Businesses will be greatly affected, too. Of course, gaming will influence how the VR technology initially goes but the day will come when the likes of TV content producers or psychiatrists embrace innovations that can benefit their careers. TV content in the future may involve viewers in more ways than we can imagine while treatment of, say, phobias, could make good use of virtual reality. Exercise machines will provide a lot more fun. Facebook can become unrecognisable.
The headsets will be expensive and beyond the reach of most people initially, but so were the first generation of smartphones.
When the production of the headsets reach a tipping point, where devices are placed in the hands of the majority, we could see a big groundswell of previously unimaginable content.
The experts point at how smartphone applications mushroomed – somewhat slowly at first but then ideas seemed to diversify exponentially once the devices were in the hands of the masses – to tell us how virtual reality content can vary in a short period of time. A virtual reality scientist who is familiar with existing devices and their content said recently that five to 10 years from now, “we will be laughing at the quality of what we have now”. Simply put, what is set to wow us this year will become obsolete in a hurry.
In the movie “Surrogates”, headset-wearing human beings live in isolation and interact via remote-control of surrogate robots, who are perfectly good looking, young, healthy and athletic.
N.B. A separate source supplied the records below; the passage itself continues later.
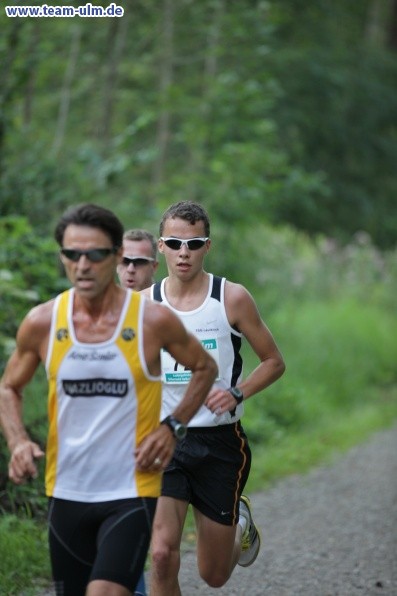 Illerlauf 2012 @ Ludwigsfeld - Bild 4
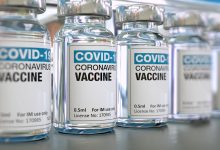 Photo of Vaccinul împotriva COVID-19 ar putea ajunge în România între Crăciun și Anul Nou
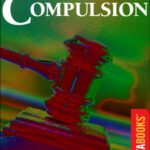 خرید و دانلود نسخه کامل کتاب Compulsion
In an older movie, “Strange Days”, people buy other people’s memories.
Currently, the real world is some way from those scenarios but now nobody can really say they are absolutely impossible. We don’t expect big controversies to arise in the next few years, but people today are having glimpses of the first batches of virtual reality devices that many believe will usher in a new era where the line between what is real and what is not will get significantly thinner.